Quest’aumento della disoccupazione può essere mitigato, in un primo tempo, dall’arrivo di capitali del sistema in surplus che, così, espande la propria attività economica all’interno del sistema in deficit. L’azione di questi capitali ha, però, un’azione limitata nel tempo perché non è volta a espandere il circolante ma solo a sfruttare il livello di domanda residua all’interno del sistema in deficit, con lo scopo di sottrarre altra liquidità funzionale ai propri meccanismi interni. Sicché, la sottrazione di liquidità continua accompagnata dalla contrazione del circolante.
Ciò porta, all’interno del sistema in deficit, a un progressivo aumento relativo del debito rispetto alla moneta che serve per estinguerlo. Se si osserva la figura 1, ciò indica che il fattore monetario tende ad abbassarsi e, contemporaneamente, aumenta, di nuovo, il tasso di disoccupazione, che coincide perfettamente con il tasso d’interesse reale. Quando questo tasso d’interesse supera il tasso d’interesse atteso dalle attività finanziarie, scatta la trappola della liquidità: i capitali si arrestano di colpo e la disoccupazione cresce senza limite alcuno e può portare anche alla deflazione da debiti.
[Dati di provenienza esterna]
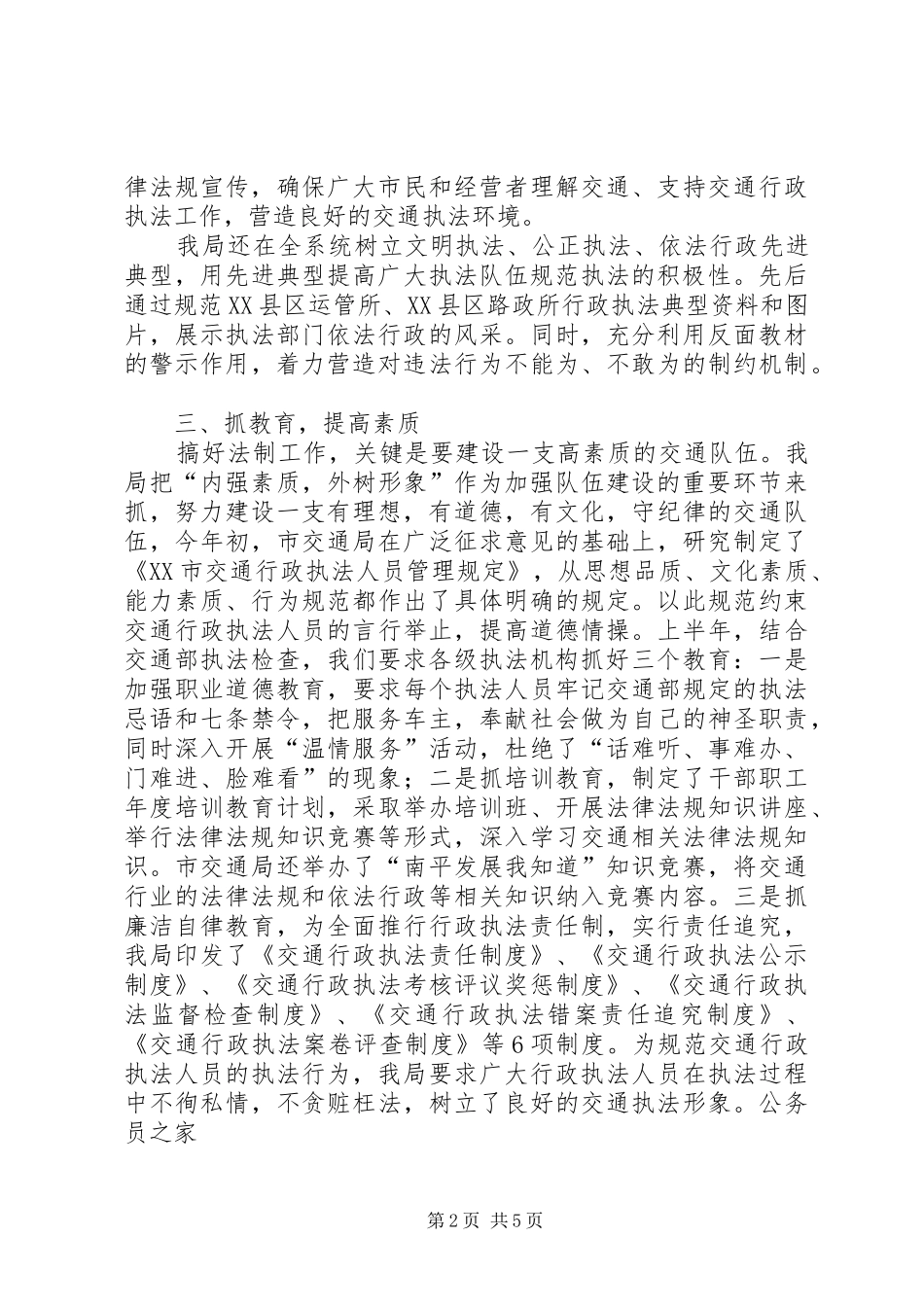 2024年市交通局交通法治宣传半年总结_第2页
In altre parole, man mano che procede la sottrazione di liquidità, diventa sempre meno probabile, per chi investe dall’esterno, ottenere un ricavo dalle attività produttive del sistema in deficit e il maggiore rischio d’investimento non è più confrontabile con il tasso d’interesse, percepito come più sicuro e meno rischioso, che si ha nell’investire in attività speculative.
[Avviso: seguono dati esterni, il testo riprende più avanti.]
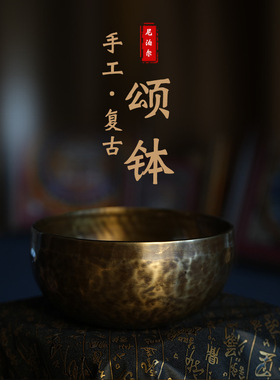 尼泊尔手工佛音碗瑜伽冥想颂钵西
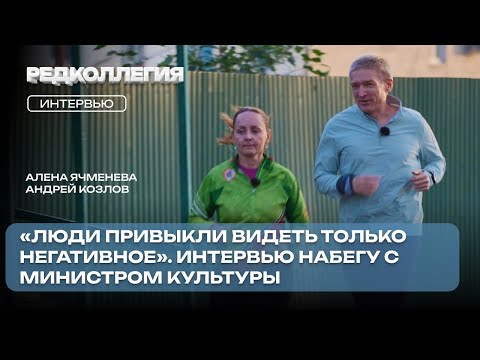 Деньги есть, а прогресса нет? Что тормозит развитие культуры в Забайкалье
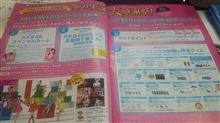 当たるかな？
Queste attività speculative, che sostituiscono l’azione dei capitali volti alle attività produttive, si orientano verso i titoli considerati più sicuri, in un primo tempo, i Titoli di Stato. Non dimentichiamo, infatti, che l’attuale meccanismo della bilancia dei pagamenti impone – si ribadisce, impone, non dà facoltà – di compensare il conto corrente negativo della bilancia commerciale con conto finanziario. Pertanto, chi è in deficit è costretto a esporsi o tramite l’arrivo dei capitali esterni o tramite finanziamento che, come detto, in un primo tempo, si orienta verso i Titoli di Stato.
Le attività speculative sui Titoli di Stato rendono, però, più gravoso, per effetto degli oneri passivi derivanti, il finanziamento del fabbisogno pubblico e, così, il circolante deve contrarsi ancora di più, e ciò comporta altra riduzione di emissione monetaria che abbassa ancora di più la probabilità di monetizzare e innalza il livello di disoccupazione. Il tutto assomiglia, quindi, a un cane che cerca disperatamente di mordersi la coda.
Sembrerebbe che questa conclusione sia troppo pessimistica, perché quanto sopra detto è, in realtà, la fotografia dell’Europa dei nostri giorni e sembra che, in questo momento, la situazione si sia stabilizzata. Questa stabilizzazione, tuttavia, è dovuta a una cosa soltanto; al Quantitative Easing (QE) che la BCE sta attuando con emissione di moneta a pioggia sulle banche. Questa costituisce una sorta di “ombrello”, oggi dell’UE, per la verità maldestro, perché non risolve il problema degli squilibri alla fonte; ma si tratta, pur sempre, di un ombrello. Qualora quest’ombrello dovesse essere chiuso, ad esempio perché i Titoli di Stato sono declassati sotto il rating BBB, se ne vedranno delle belle; … e sarebbe il caso di dire brutte! Brutte assai!